Dataset records
= = =

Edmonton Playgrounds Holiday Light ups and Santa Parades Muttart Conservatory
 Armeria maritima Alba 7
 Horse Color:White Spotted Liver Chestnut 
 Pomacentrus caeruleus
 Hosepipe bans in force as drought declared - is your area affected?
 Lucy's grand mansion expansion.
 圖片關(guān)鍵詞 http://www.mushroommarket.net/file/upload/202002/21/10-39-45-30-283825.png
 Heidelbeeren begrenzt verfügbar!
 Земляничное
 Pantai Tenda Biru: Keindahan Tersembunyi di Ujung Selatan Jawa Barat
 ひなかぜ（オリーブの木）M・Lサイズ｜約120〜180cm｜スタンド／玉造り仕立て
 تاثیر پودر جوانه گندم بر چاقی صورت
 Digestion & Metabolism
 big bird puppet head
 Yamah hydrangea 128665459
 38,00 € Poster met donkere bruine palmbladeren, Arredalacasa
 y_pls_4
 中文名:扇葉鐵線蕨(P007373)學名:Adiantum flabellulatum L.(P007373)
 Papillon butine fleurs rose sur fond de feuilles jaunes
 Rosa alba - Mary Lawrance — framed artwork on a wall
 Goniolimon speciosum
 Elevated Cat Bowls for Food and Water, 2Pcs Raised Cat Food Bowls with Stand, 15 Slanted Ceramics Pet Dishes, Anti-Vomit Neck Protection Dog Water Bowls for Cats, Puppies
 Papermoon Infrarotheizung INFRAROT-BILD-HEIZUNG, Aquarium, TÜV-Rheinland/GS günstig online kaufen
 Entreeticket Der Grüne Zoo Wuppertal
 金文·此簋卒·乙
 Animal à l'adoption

= = =

**AIM OF THE EXERCISE:** From the very first line of the records down to the line with "Goniolimon speciosum", please write out each line exactly, including both ends and no other lines.

**SOLUTION FOR THIS TASK:**
Edmonton Playgrounds Holiday Light ups and Santa Parades Muttart Conservatory
 Armeria maritima Alba 7
 Horse Color:White Spotted Liver Chestnut 
 Pomacentrus caeruleus
 Hosepipe bans in force as drought declared - is your area affected?
 Lucy's grand mansion expansion.
 圖片關(guān)鍵詞 http://www.mushroommarket.net/file/upload/202002/21/10-39-45-30-283825.png
 Heidelbeeren begrenzt verfügbar!
 Земляничное
 Pantai Tenda Biru: Keindahan Tersembunyi di Ujung Selatan Jawa Barat
 ひなかぜ（オリーブの木）M・Lサイズ｜約120〜180cm｜スタンド／玉造り仕立て
 تاثیر پودر جوانه گندم بر چاقی صورت
 Digestion & Metabolism
 big bird puppet head
 Yamah hydrangea 128665459
 38,00 € Poster met donkere bruine palmbladeren, Arredalacasa
 y_pls_4
 中文名:扇葉鐵線蕨(P007373)學名:Adiantum flabellulatum L.(P007373)
 Papillon butine fleurs rose sur fond de feuilles jaunes
 Rosa alba - Mary Lawrance — framed artwork on a wall
 Goniolimon speciosum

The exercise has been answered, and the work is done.